Each record must be returned exactly, apart from the pictures, which stay out.
*** RECORD SET Section Begins ***
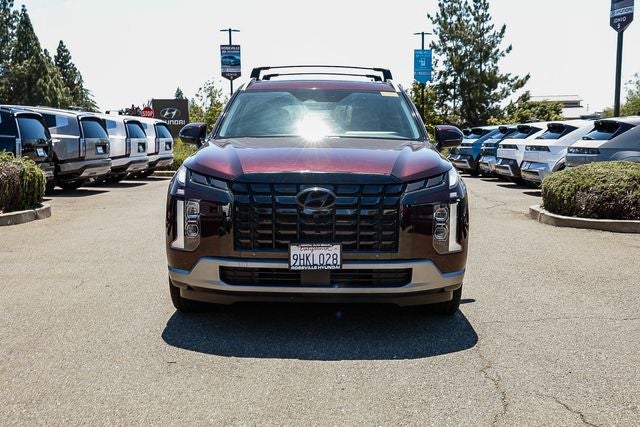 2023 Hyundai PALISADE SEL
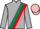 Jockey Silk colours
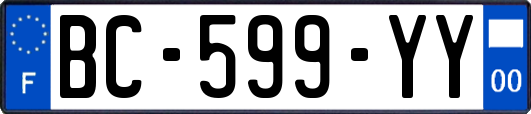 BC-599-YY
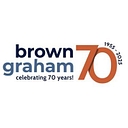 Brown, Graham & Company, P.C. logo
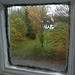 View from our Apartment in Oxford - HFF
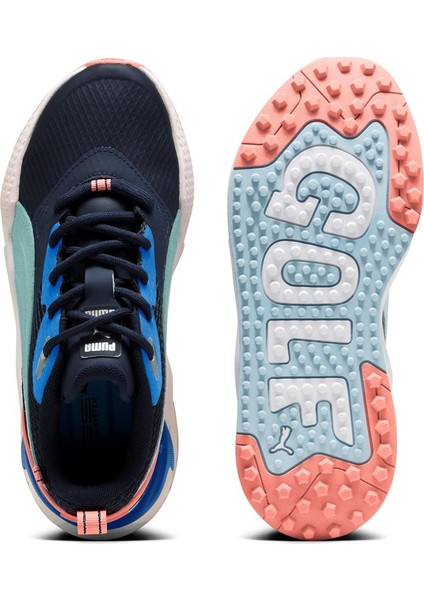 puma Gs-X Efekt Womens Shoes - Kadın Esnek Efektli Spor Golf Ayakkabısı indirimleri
*** RECORD SET Section Ends ***
**OUTPUT FOR THIS TASK**
 2023 Hyundai PALISADE SEL
 Jockey Silk colours
 BC-599-YY
 Brown, Graham & Company, P.C. logo
 View from our Apartment in Oxford - HFF
 puma Gs-X Efekt Womens Shoes - Kadın Esnek Efektli Spor Golf Ayakkabısı indirimleri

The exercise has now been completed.